Exercise objective: Lines holding the string "graph" are the ones to copy; find them all in the data.

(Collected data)

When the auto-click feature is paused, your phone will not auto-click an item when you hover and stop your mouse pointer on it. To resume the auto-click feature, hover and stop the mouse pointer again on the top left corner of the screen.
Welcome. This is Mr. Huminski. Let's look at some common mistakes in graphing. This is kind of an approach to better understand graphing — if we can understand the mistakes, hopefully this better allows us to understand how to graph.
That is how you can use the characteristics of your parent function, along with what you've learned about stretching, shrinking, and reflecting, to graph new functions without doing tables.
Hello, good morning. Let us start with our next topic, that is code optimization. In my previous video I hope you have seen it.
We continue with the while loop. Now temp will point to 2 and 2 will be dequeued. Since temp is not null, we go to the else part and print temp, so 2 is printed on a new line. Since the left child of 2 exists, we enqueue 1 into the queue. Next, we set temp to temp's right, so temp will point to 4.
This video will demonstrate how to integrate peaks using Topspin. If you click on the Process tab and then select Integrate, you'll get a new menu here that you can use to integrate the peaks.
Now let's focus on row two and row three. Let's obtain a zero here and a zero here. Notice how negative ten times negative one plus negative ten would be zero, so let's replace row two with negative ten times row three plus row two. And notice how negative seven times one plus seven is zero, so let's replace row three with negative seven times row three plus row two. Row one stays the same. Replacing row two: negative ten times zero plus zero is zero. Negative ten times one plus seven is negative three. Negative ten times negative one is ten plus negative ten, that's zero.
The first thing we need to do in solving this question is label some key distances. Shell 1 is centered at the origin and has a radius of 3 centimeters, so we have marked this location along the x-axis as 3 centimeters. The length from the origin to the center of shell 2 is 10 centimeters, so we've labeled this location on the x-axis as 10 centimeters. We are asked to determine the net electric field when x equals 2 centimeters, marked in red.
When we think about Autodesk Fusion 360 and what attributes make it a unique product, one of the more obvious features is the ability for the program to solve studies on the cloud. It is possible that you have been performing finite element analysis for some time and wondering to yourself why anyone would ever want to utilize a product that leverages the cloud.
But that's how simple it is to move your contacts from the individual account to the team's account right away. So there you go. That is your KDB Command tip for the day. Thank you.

Written answer:
Welcome. This is Mr. Huminski. Let's look at some common mistakes in graphing. This is kind of an approach to better understand graphing — if we can understand the mistakes, hopefully this better allows us to understand how to graph.
That is how you can use the characteristics of your parent function, along with what you've learned about stretching, shrinking, and reflecting, to graph new functions without doing tables.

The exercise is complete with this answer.